■ PROBLEM DESCRIPTION
Range to copy from the entries below: the line containing "When you're ready" through the line containing "A key holder —", inclusive. Retype only those lines, exactly, without any images.
### DATA EXTRACTS
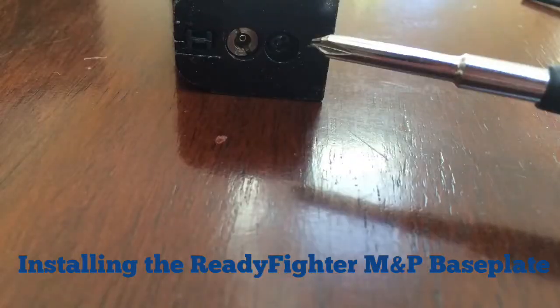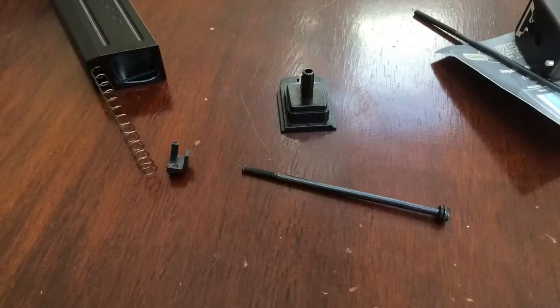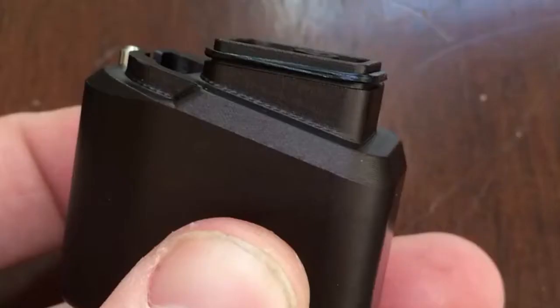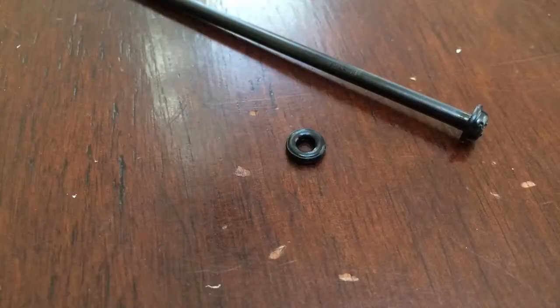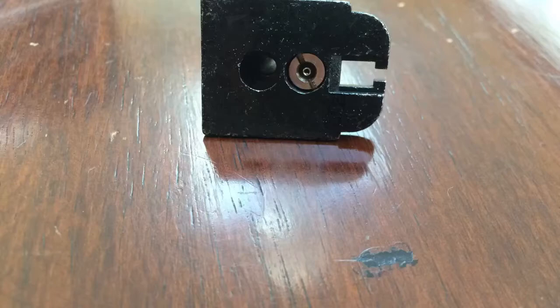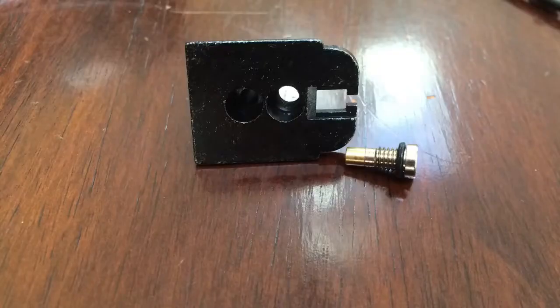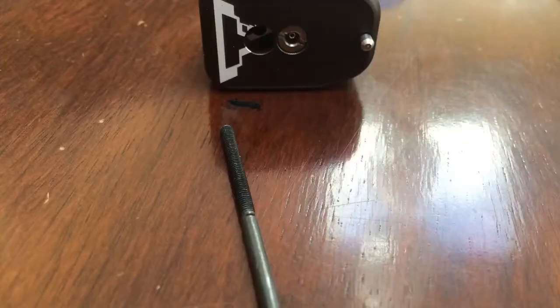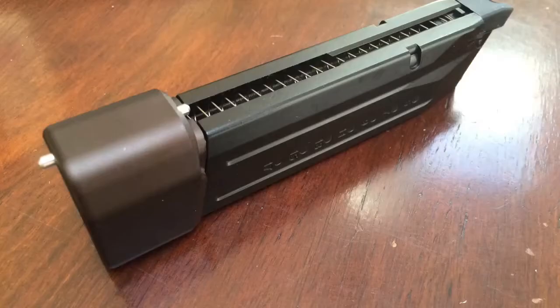Hey guys, Master 51 / 1911man here with a slideshow of how to install the Ready Fighter WE M&P functional baseplate. This is going to be a video in a longer series of videos to show my process in making a fun, functional, kind of upgraded WE M&P.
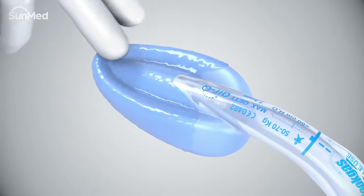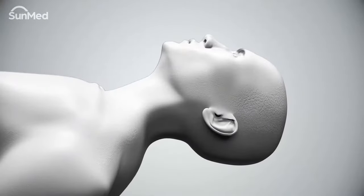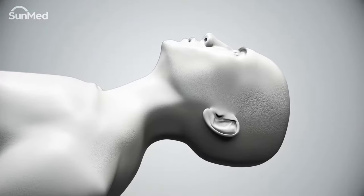Use a water-soluble lubricant to lubricate the mask's external surfaces and ridges. Avoid placing lubricant on the bowl of the mask. Inspect the patient's mouth and remove all removable denture devices.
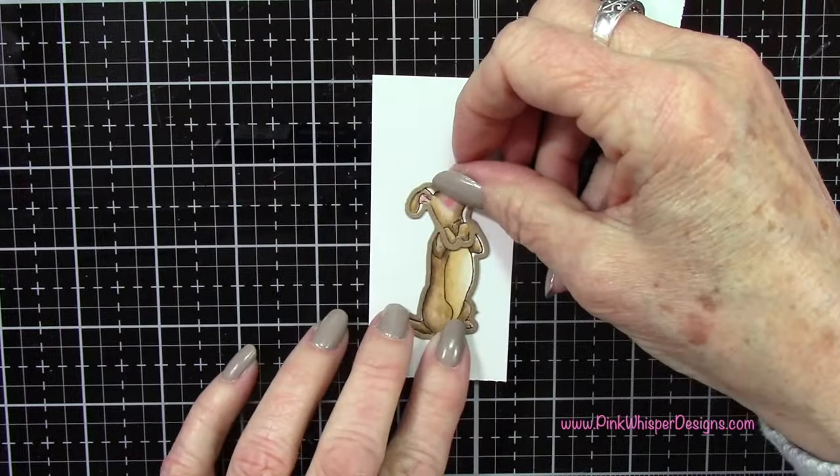Once we have that die cut, let's take a look at another brand new stamp set from Art Impressions. This is called the Small Easter Tulip Set. You can see it has this little backing on it — you can just remove that and it will be a repositionable stamp. It also comes with these cute little charms: a little cross and a little heart as well.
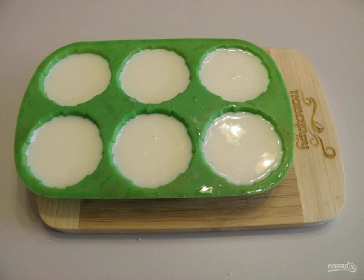Serve the dessert with fruit sauces or toppings. To make the dessert come out of the silicone mold easily, hold it over hot water for a couple of seconds or gently immerse it in hot water. The edge will melt and the jelly will come out of the mold perfectly.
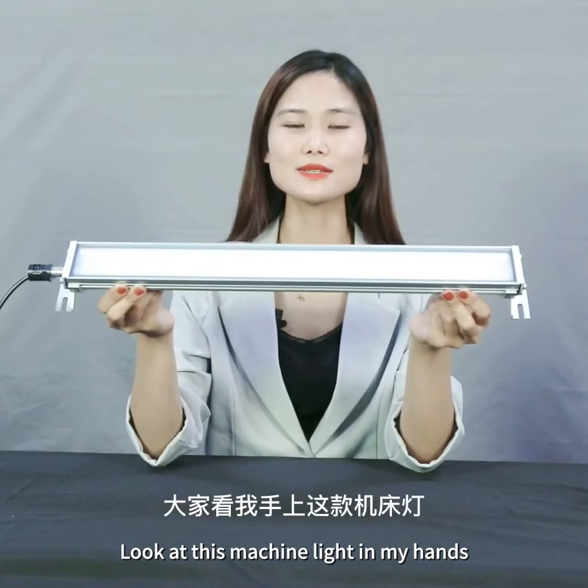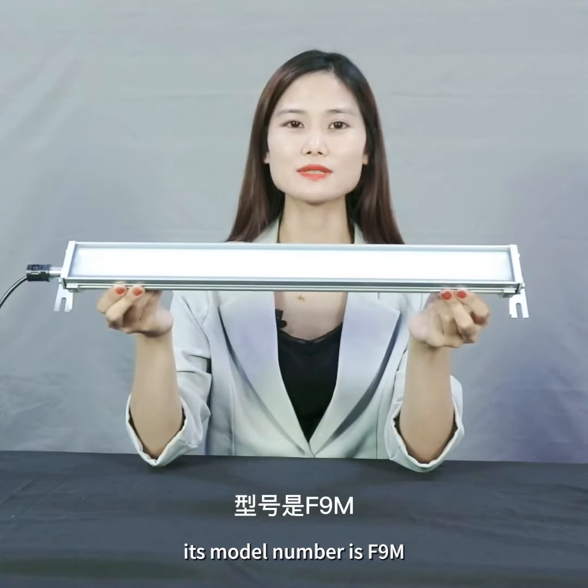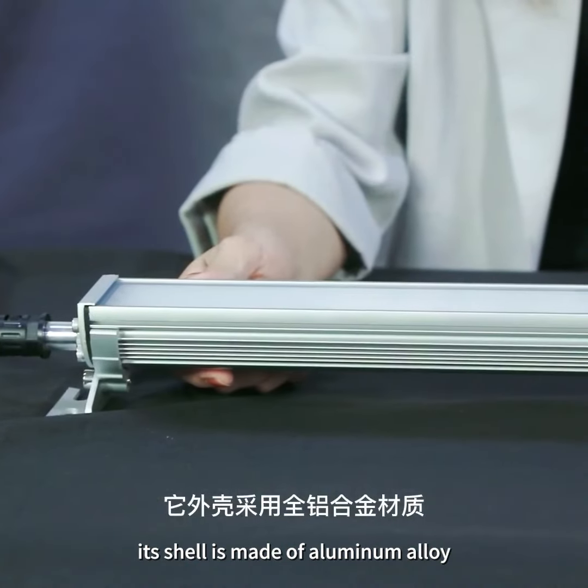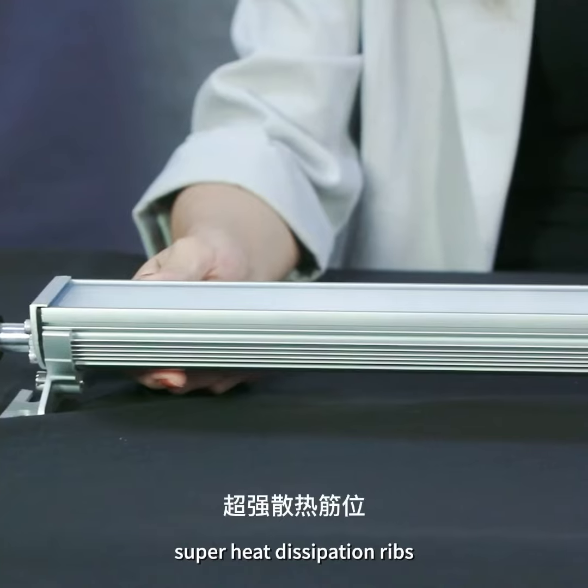Look at this machine light in my hands. Its model number is F9M. Its shell is made of aluminum alloy, a large one, with super heat dissipation fins.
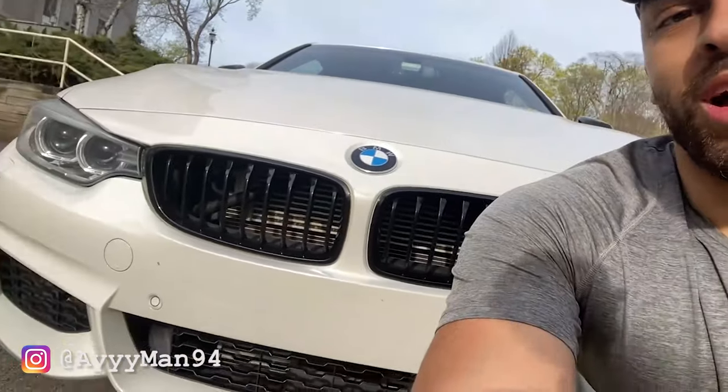What's up YouTube. In today's video I'm gonna be doing something I should have probably done a long time ago — I'm gonna be making my car legal again by putting on a front license plate, so stick around guys.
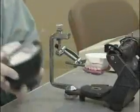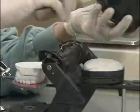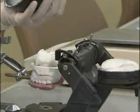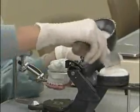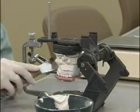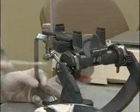Now open the articulator and apply the stone to the upper cast and to the mounting plate. If this is done carefully, we can complete this process in one step without having to add any more stone. Close the articulator and wipe off the excess stone. Do not reopen the articulator until the stone has set thoroughly.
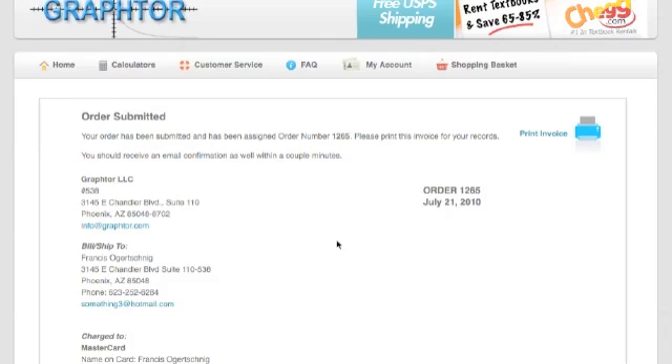When you're ready to return the calculator, just go to My Accounts, log in with the password that you picked out earlier, and then you can print out the prepaid return shipping label. If you need help, there will be another video that you can watch that will help you with that process.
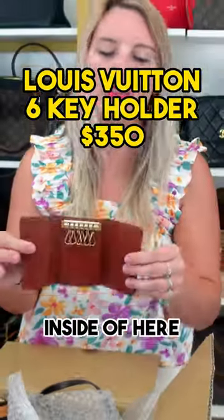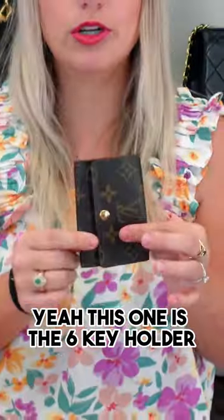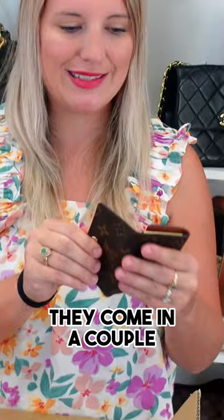A key holder — if you put your keys inside of here and close it up, and the inside of your bag is leather, then your keys cannot scratch the inside of your bag. That's the biggest reason for a key holder. This one is the six key holder. They come in a couple of different sizes, with four keys or six keys.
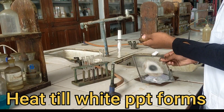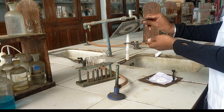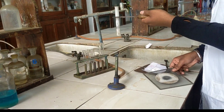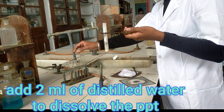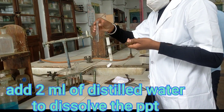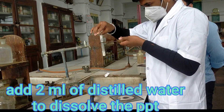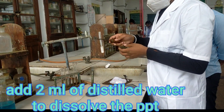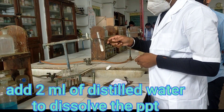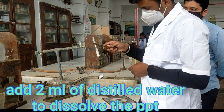Heating this compound till a white PPT is formed. With safety precautions, always use the wire gauze while heating. Now add 2 ml of distilled water to dissolve this PPT. Shake it so that the white PPT gets completely dissolved.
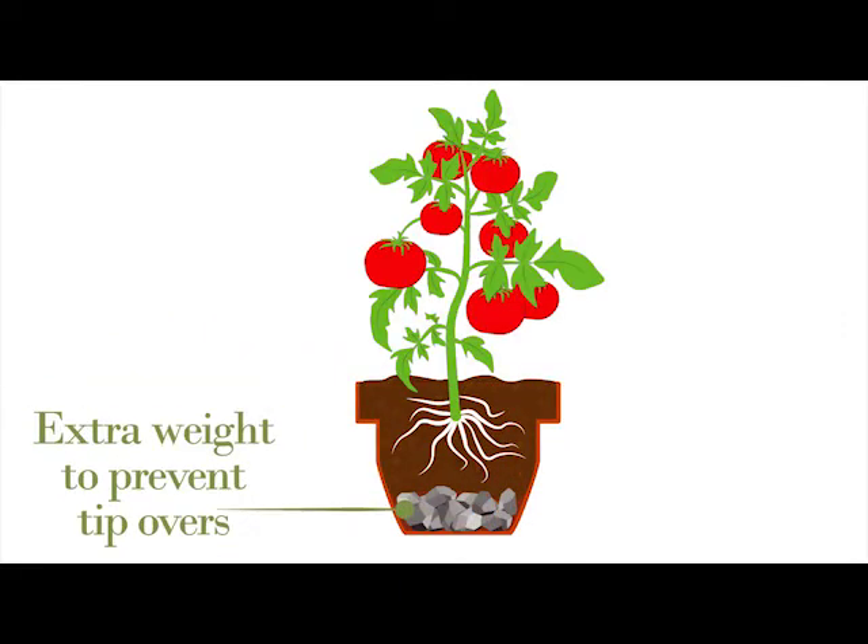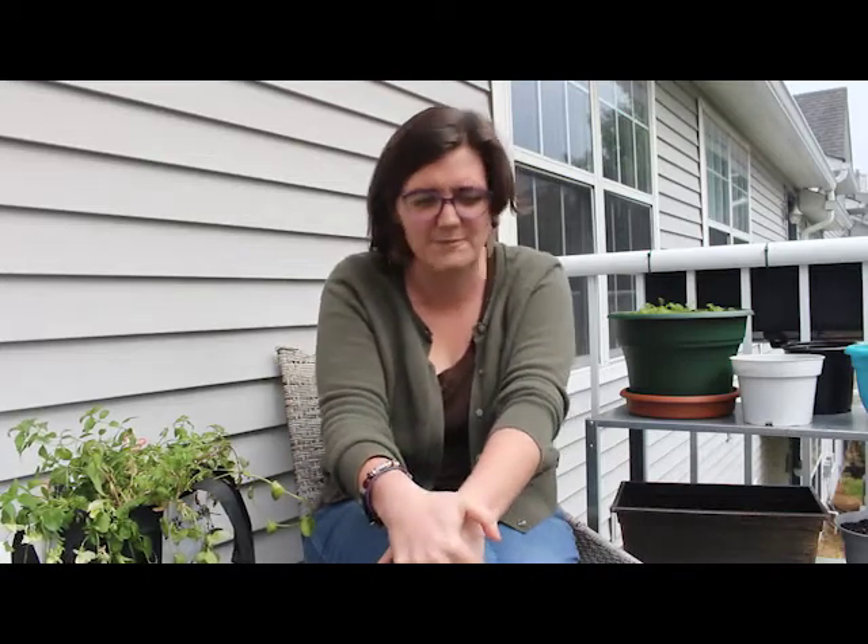Either avoid windy areas or add extra weight to the bottom with bricks or rocks to help. As with any type of urban agriculture, we also have to consider the human element. I can't tell you how many people I know that have struggled with their container gardens because they didn't think about the human component of their location. Something I do to combat this is a mental exercise where I think about the day in the life of my potential location — how many people and animals interact with it and any potential impacts they might have. Knowing and thinking about them ahead of time allows you to prepare and potentially minimize those impacts.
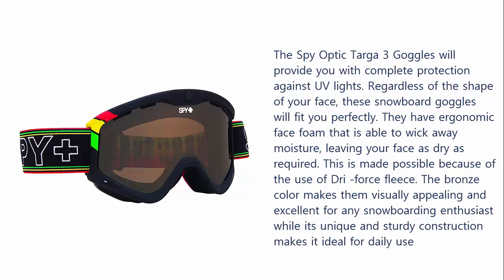They have ergonomic face foam that is able to wick away moisture, leaving your face as dry as required. This is made possible because of the use of Dry Force Fleece. The bronze color makes them visually appealing and excellent for any snowboarding enthusiast, while their unique and sturdy construction makes them ideal for daily use.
######
■ YOUR SOLUTION
When you're ready to return the calculator, just go to My Accounts, log in with the password that you picked out earlier, and then you can print out the prepaid return shipping label. If you need help, there will be another video that you can watch that will help you with that process.
A key holder — if you put your keys inside of here and close it up, and the inside of your bag is leather, then your keys cannot scratch the inside of your bag. That's the biggest reason for a key holder. This one is the six key holder. They come in a couple of different sizes, with four keys or six keys.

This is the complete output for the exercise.